» SUPPLIED DATA
□ □ □ □
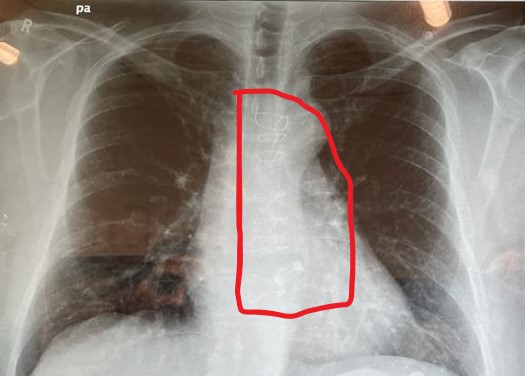 Chest X-Ray Edited.jpg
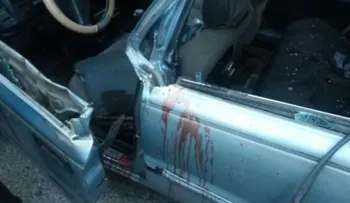 Camión desprende brazo izquierdo de chofer de carro público al rebasarle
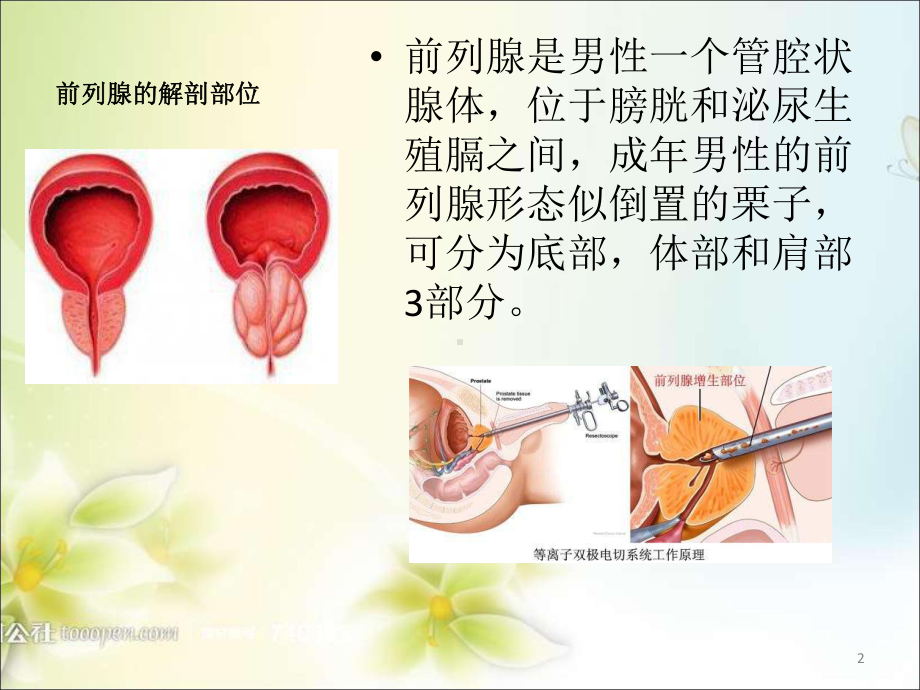 前列腺电切术(TURP)PPT课件.ppt_第2页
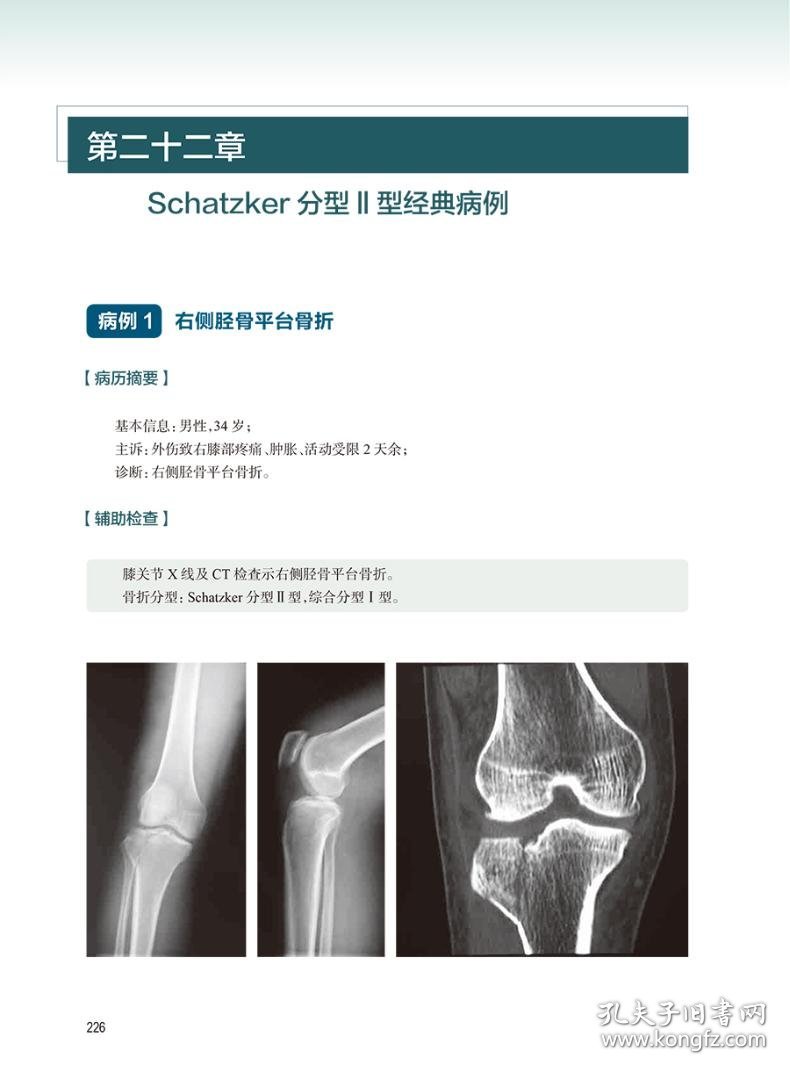 胫骨平台骨折精准微创治疗学 9787117357241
□ □ □ □
» EXERCISE OBJECTIVE
Leave every picture out, and reproduce exactly the lines from the line bearing "Camión desprende brazo" through the closing line of the material above.

» ANSWER SPACE
 Camión desprende brazo izquierdo de chofer de carro público al rebasarle
 前列腺电切术(TURP)PPT课件.ppt_第2页
 胫骨平台骨折精准微创治疗学 9787117357241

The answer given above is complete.